This said, even we let’s go back and start our reconstructing of the trickster logic of economics with Ricardo.
Modern economics is based on the ideas of Ricardo, and central to this is the universalization of exchange. Everything should be exchanged, and procured by exchange; this is the only rational way of behaving for every individual, and every community – this idea was first systematised by Ricardo, and is one of the cornerstones of the modern, universalistic Kantian episteme.
Before going further, let me again illustrate the radical novelty and unprecedented character of this idea by two points. First, the ‘traditional’ perspective – not some kind of ‘before the deluge’ atavistic primitivism, but the taken for granted normality of every human community before ‘Ricardo’ (I take him as a concrete symbol, just as Kant and Kantianism), humans only exchanged what was excess or superfluous. The basic underlying principle was the opposite: not that everything must be exchanged, but that everything has a given or gift character, and therefore must be appreciated, cared for, and to be sure kept. Giving something away for money was almost always considered by every decent human being in every community in history as a shameful act.
The second point concerns the Greek polis, more specifically Athenian ‘democracy’. The three basic principles of Athenian constitution, or politeia (etymological source of our words ‘police’ and ‘policy’, which has its considerable importance for our current situation, as the fourth part will argue in detail), as I was made to memorise in Greek in my Hungarian high-school, when under communism Greek was no longer taught, but some of my teachers – who taught in high school only because they were prohibited to teach in university – still knew Greek, were autonomia, autarkhia, and eleuthereia. Autonomia did not mean Kantian autonomy, or the principle of the radical self-government of the isolated individual, the Romantic illusion in Kant (understood in the Girardian sense of a ‘Romantic lie’, according to the original title of his Deceit, Desire and the Novel, that was Mensonge romantique et vérité romanesque, ‘Romantic lies and novel-like truths’), indeed taken from Rousseau, rather the ability of every polis to give itself its own laws, close to the modern sense of sovereignty.
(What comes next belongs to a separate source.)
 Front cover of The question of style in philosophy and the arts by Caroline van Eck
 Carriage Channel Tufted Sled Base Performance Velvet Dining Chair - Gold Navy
Eleuthereia simply meant the freedom to pursue one’s own life concerns. These two principles are therefore not at all different from central modern values or human rights. Autarkhia, however, is something radically anti-modern, as it indeed meant autarchy, or the need for every polis, and in so far as possible every oikos, or household, to provide itself the necessities for not simply its ‘survival’, but a good life. The very idea of autarchy, still much present in classical republicanism, was simply wiped out of European culture by economic thinking, much under the impact of Ricardo. So let’s now see in some detail Ricardo’s arguments for the universally beneficial character of exchange.
In this article, I will focus on two aspects only, both quite central to Ricardo and up till our days in a matter of fact way repeated as axioms by economists. The first concerns the origins of exchange or an exchange economy, while the second the principle of comparative advantage, the basis of the universally acknowledged idea of free trade.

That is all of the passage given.